Advancing multi cancer early detection

As multi-cancer early detection (MCED) testing gains momentum, experts are honing their focus on what comes next for patients with a positive MCED test result. Understanding the diagnostic pathways available after testing are an important aspect of minimizing harm, patient anxiety, and unnecessary interventions.
During a recent discussion, Becker’s Healthcare and Exact Sciences hosted leaders from Johns Hopkins Medicine and Exact Sciences to talk about how imaging plays a critical role in guiding next steps after a positive MCED result by confirming and localizing malignancies.
Here are four key takeaways from the conversation:
1. Positive MCED tests follow imaging-based diagnostic pathways or molecular tumor of origin (TOO) diagnostic pathways.
There are two diagnostic pathways following a positive MCED test result. One is the imaging based diagnostic pathway, and the other is the molecular tumor of origin (TOO)/cancer signal of origin (CSO) diagnostic pathway.
While some MCED tests may provide a predicted TOO/CSO, the molecular prediction may be inconclusive or incorrect. In these cases, patients with a positive MCED test may follow up with a targeted imaging procedure and then need to undergo subsequent whole-body imaging. In contrast, using whole-body imaging for diagnostic confirmation of a positive MCED test can offer an efficient workflow solution.
Most patients will require cross-sectional imaging regardless of whether a TOO signal is conclusive, explained Tomasz Beer, MD, Chief Medical Officer and VP of MCED at Exact Sciences. He cited the landmark DETECT-A study published in Science, noting that in this prospective, interventional study of over 10,000 participants, a CT-based diagnostic pathway localized all 26 detected cancers and provided reliable resolution for false positive MCED test results.
Enabling maximally conclusive diagnoses with optimum efficiency remains a critical component of improving patient care and the overall patient experience.
“Fewer diagnostic procedures is not just more efficient, less expensive, and safer — but it’s faster,” Dr. Beer said. “When things are faster, patients get to their answers more quickly and can rest easy if they’re cancer free, or get a robust answer if they have to face cancer.”
2. Imaging-based pathways are predicted to reduce diagnostic burden for patients with positive MCED tests.
Dr. Xiting Cao, the Director of Health Economics and Outcomes Research at Exact Sciences, shared findings from a recent modeling study published in JNCI Cancer Spectrum that compared the efficiency and impact of imaging-first diagnostic pathways for positive MCED result confirmation to those diagnostic pathways guided by molecular predictions.
In this study, researchers explored all diagnostic procedures that would provide clinical information essential for cancer treatment. Modeling data indicated that patients with false positive MCED test results who follow an imaging-based diagnostic pathway are expected to undergo 2.40 procedures, while patients with false positive MCED test results who follow a molecular TOO/CSO diagnostic pathway are expected to undergo 4.05 procedures.

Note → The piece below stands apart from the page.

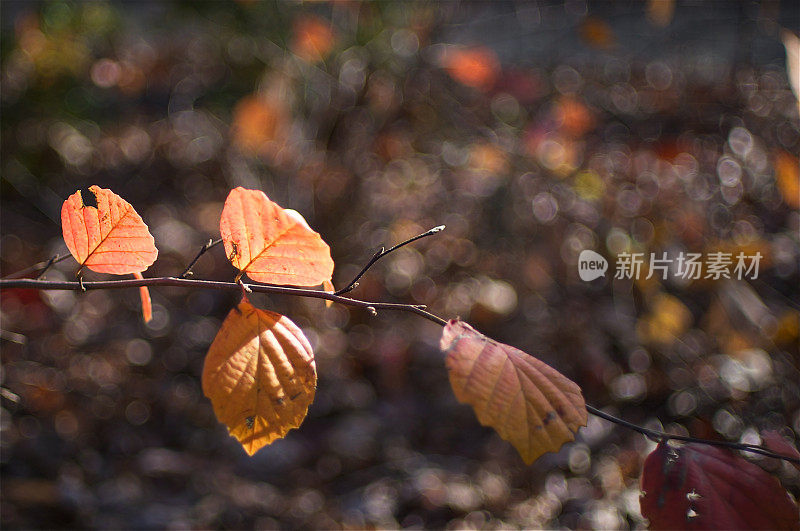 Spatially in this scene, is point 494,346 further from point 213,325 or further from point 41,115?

The diagnostic burden was higher for the molecular TOO/CSO strategy across all positive predictive values and localization performances.

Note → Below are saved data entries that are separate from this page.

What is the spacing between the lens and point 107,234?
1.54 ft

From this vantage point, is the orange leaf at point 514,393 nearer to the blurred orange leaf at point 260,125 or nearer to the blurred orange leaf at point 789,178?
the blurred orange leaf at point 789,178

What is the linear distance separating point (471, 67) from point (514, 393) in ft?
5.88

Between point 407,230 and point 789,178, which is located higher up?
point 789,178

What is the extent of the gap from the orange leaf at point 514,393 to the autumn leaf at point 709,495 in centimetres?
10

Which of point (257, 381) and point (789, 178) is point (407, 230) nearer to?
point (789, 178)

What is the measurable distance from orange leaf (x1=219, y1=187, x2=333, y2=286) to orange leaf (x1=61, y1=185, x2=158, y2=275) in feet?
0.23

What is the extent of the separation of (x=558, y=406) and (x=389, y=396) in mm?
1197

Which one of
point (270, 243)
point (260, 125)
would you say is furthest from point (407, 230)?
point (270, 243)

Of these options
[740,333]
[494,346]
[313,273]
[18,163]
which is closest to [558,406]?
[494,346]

These findings also highlight the importance of efficient care coordination to ensure timely clinical evaluation and diagnostic procedures following a positive MCED test result, helping to minimize diagnostic delays.
3. Imaging scalability improves care for patients with positive MCED test results
Elliot Fishman, MD, Professor of Radiology, Oncology and Surgery at Johns Hopkins Medicine emphasized that computed tomography (CT) is well-positioned to support diagnostic resolution following a positive MCED result due to both its wide availability and improved precision.

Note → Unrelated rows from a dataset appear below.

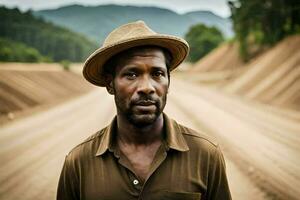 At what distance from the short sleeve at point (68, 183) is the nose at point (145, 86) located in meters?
0.74

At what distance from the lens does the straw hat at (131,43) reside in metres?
2.62

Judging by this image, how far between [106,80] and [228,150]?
27.7 feet

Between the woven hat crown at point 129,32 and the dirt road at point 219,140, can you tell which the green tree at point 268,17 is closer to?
the dirt road at point 219,140

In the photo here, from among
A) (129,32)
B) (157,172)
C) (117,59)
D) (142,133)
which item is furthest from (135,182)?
(129,32)

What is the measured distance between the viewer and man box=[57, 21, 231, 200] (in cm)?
251

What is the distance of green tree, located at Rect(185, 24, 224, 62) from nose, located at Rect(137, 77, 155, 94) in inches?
3574

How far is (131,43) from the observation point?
2650 millimetres

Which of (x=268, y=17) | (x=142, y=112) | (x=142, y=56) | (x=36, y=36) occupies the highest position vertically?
(x=36, y=36)

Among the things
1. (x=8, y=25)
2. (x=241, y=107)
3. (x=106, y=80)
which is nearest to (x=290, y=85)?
(x=241, y=107)

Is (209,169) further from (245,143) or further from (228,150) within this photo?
(245,143)

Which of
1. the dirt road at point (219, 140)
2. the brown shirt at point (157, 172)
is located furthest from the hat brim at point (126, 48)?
the dirt road at point (219, 140)

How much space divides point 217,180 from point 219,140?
383 inches

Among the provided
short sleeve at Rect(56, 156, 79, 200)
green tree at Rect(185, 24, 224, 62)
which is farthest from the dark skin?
green tree at Rect(185, 24, 224, 62)

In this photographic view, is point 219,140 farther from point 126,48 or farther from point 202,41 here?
point 202,41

“People are not going to be able to travel hundreds of miles or 50 miles even,” Dr. Fishman said, acknowledging the critical nature of accessible imaging. He also noted that advanced techniques like photon-counting CT and AI are improving resolution while reducing radiation exposure. “One of the biggest gains that you’re going to see in the short term and long term is the accuracy of imaging, because AI is being used to improve the accuracy of detection.”
4. The integration of MCED testing and efficient workflows for positive results has the potential to enhance care
To ensure high-value use of imaging, Dr. Beer stressed the importance of patient education and clear care pathways. The Cancerguard™ EX test, Exact Sciences’ MCED test, is designed with a specificity of 98%. If successfully integrated into clinical workflows, MCED testing and prompt imaging could dramatically reshape cancer detection and early intervention over the next five years.
Dr. Cao’s research shows widespread use of annual MCED testing could reduce stage IV cancer incidence by 42% and cancer-specific mortality by 18% within a decade.
“To really achieve a significant reduction in the burden that cancer places on all of us, we must advance early detection,” remarked Dr. Beer. “This is a very promising way to pursue that.”
Disclaimer: The webinar, “Seeing Beyond the Signal: Imaging After a Positive MCED Test,” and this article were sponsored by Exact Sciences. The content of this article is not medical advice.